#Kashmir, where heaven meets earth
I was introduced to Kashmir through my books when I was a child. Since then, it was my dream to visit the paradise on earth. Whenever I saw anything on television related to Kashmir there was only one question in mind, ‘will I ever be able to visit the beautiful place’? But as it is said when you wish something from your heart, it happens in real.
When my husband asked if I want to go to Kashmir, I was in awe and asked, ‘really?’ We booked our tickets and suddenly some untoward incident happened and a bandh was declared in Kashmir. And it continued for two days. And again we were in a dilemma whether to go or not. On the third day, when life started getting back to normal at the valley we decided to take risk and listen to our hearts and just go no matter what comes our way.
Finally the day arrived and we were waiting at the Delhi airport waiting for our flight announcement to Srinagar. I still couldn’t believe that I was actually going and WhatsApped one of my friends who had visited Kashmir a few years back. She replied, ‘Just go and enjoy, it’s heaven!’ Our hotel driver Maqbool called, ‘I will pick you from the airport’. It was just one hour and a few minutes flight from Delhi. We could make out the difference that we are going to have an amazing experience. Suddenly the atmosphere changed and we could see clouds and white mountains, which we are not used to at all in and around Delhi. But it reminded me of the north-east, especially Meghalaya (abode of clouds). And the passengers at the window seats felt lucky that they could have the first glance of heaven.
The moment we landed, Maqbool called again ‘Have you landed, I am here for you’. It sounded like a relief amidst tight security of the airport. Soon we were on our way to the hotel and I could see women fully dressed with their heads covered and security presence every half a km or even less. We reached the hotel just opposite the famous Dal Lake and chose a room facing it. We rested for some time and Maqbool was already waiting for us at the lobby for local sight-seeing. At one place, we also had to get down from our car and walk past the security post and it was considered a regular check. Though we arrived at our dream destination, there was a strange feeling inside whether we took the right decision but the moment we arrived at the first tourist spot, all our fears vanished. There were a lot of smiling tourists with kids and life seemed to be normal again and we were smiling from ear to ear. We visited Pari Mahal, Chasme Shahi, Mughal Garden, Botanical Garden and a few more gardens. When we reached Hazratbal Dargah Sharif, it was namaz time and we were little hesitant whether to visit or not. But Maqbool encouraged us ‘jao jao… koi baat nahi’ (please go, it’s okay) and we followed suit. We felt they are very normal people like us, very simple and peace-loving. Though women were traditionally dressed with heads always covered, there was a sense of independence as we saw a lot of women driving and roaming about on the roads on their own and it felt good.

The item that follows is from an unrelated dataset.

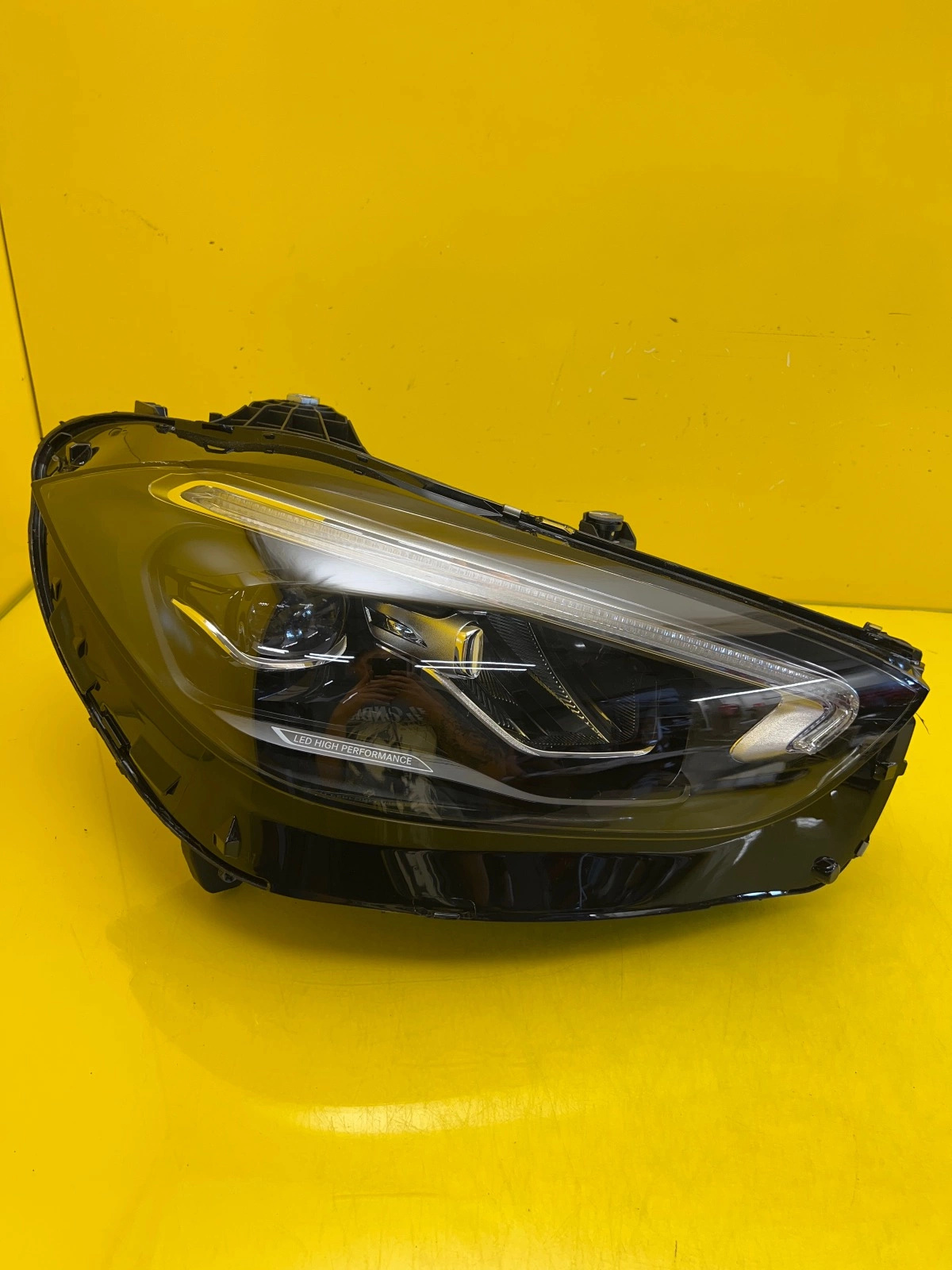 Reflektor Lampa Prawa Mercedes C-Klasa W206 LED A2069068104 Autolamps Reflektor Lampa Prawa Mercedes C-Klasa W206 LED A2069068104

For lunch, we had Kashmiri rogan josh and it was just lip-smacking. We also did a little shopping at a wholesale shop. When we reached the hotel, our shikara wala was waiting for us. After some time, we were on the Dal Lake for a shikara ride. The first thing the boatman told us was, “Look at my face, could you recognise me. I am the same person riding the shikara behind Vinod Khanna and Simi Garewal during the shooting of the song Wada karle sajna tere bina main na rahu…in the movie Hath ki safai. At that time I was young.” We smiled and after coming back to Delhi, we checked the video on Youtube.
We felt the Dal Lake was a moving economy with lot of people earning their livelihood – by selling handicrafts, shawls, dry fruits, clicking photographs, running mini eating joints, water sports and what not. There was also a meena bazar where shops of all kinds were available. We had delicious chicken tikka with walnut chutney from a boat shop and thought the ride should never end. There were a lot of house boats parked on the lake side with amazing names like Mission Kashmir, Mobile House, Golu Palace, Sunflower, Fairy Queen, et al. But we somehow felt life would be restricted staying in a houseboat so we opted out.
We were curious to know what wood they used for the house boats and shops that they last for so long in water and prompt came the reply from our shikara man. This is deodar wood, ‘yeh pani mai kharab nahi hota’ (It’s deodar wood it remains intact in water). But we felt a little worried that the lake is so precious for the local people and for tourism to flourish but it is getting dirty and cleanliness is the need of the hour.
As dusk set in, we sat by the side of the lake on raised platforms and observed the lively city. It was the holy month of Ramzan and people were breaking fasts and having ice-creams. Sound of holy songs from the mosques echoed all around. Our day one was a pleasant one, much more than we expected.
According to Maqbool’s instructions, we got ready by 7 am the next day and we were off to Sonmarg, our first point outside Srinagar. As we moved upwards we could see the beautiful landscape on the sides of the river Sind, green hills and then we could see the white mountains in the background. Seeing the beautiful river, I could not resist myself and got down for a few clicks. I so wanted to touch the white and bluish water and soak my foot on it but it was not a slow moving river but Maqbool promised that I would get the opportunity to do that the next day. We reached Sonmarg and could see a few tourists enjoying horse riding on the green valley. But the moment we heard about Zero Point, snow and reaching halfway to Kargil, we just couldn’t say no. After a little bargaining with the local taxiwala, we were off to experience snow. As we advanced higher we crossed the high Zojila Pass and the road getting treacherous. At some points, only one vehicle could pass. It was dangerous and later after reaching Delhi, we got to know that it is one of the dangerous roads in the world and felt a sense of pride that we overcame it.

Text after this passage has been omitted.